Your in the right spot, just tap the retaining ring off to expose the pump, be careful not to tear the stock rubber gasket ring that is under it.
 
Yep I have the wires and hoses, etc.

Do I cut the stock harness off or just bypass it?

And how do I get the retainer pin out? What part should I be hitting and which way should i force it? I don't want to break anything by hitting it the wrong way.
 
Ok, the connectors on the pump don't match cause first off you gotta pull it out. See the fuel pump is kinda bolted up to this bracket which is part of the exposed part you see on top of the tank. The fuel pump sits in this baffle way down in the bottom of the tank.
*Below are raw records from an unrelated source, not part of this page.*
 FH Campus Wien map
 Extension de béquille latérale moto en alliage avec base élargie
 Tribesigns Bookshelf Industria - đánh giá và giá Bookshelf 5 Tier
You gotta remove the fuel lines(2) one has a reg duck-bill clip and you just pull of with needlenose pliers and pull the line out, make sure to mark these so you don't get them mixed up. The other requires a special disconnect tool, but you can just break it off since you'll be using new ones. Have some rags ready for a lil' fuel to come out. Just look closely at the top of it, the retaining ring with the little slot thingies stickin out, you gotta hit it counterclockwise watch out not to bang the plug connector or the metal lines. It should loosen up, just hit it till it releases, then you can pull the ring out and pull the fuel pump/strainer assembly out, might need to wiggle it out some and it'll come out. Have patience. Once you got the f.p. assembly out, pull the rubber o-ring off, you should have a new one with the new pump that just drops in place of the old one. There'll be 4 screws that hold the bracket together, remove them and unplug the connectors to the pump and disconnect the rubber hose to the pump and pull the pump out. Put the new unit back in with the supplied hardware and splice the wires in and seal them up good. When you get the pump hooked up in the bracket, put the new filter on the pump, just sit the pump squarely on to your work bench and press down onto the filter till it's fully seated. Now you go back and install it into the tank, it can be tricky but lookinside the tank in the baffle area and notice which way it faces, this is which way the filter will line up. Get the assemblyin there and start "screwin" it in till it sits in the tank properly. Once it's seated get the metal retaining ring back on there and just as you tapped it out you gotta tap it back in this time clockwise until it's fullly tapped in. Connect the lines with the new clips. I forget which one was which but the one clip is circular on one of the lines you gotta popit in the fuel line and then it snaps in place onto the metal tube from the pump assemb. The other one you just slip it on the tube and pop the duckbill clip on afterwards. Plug the harness that goes to the tank and raise the tank up and install it back on. Good luck.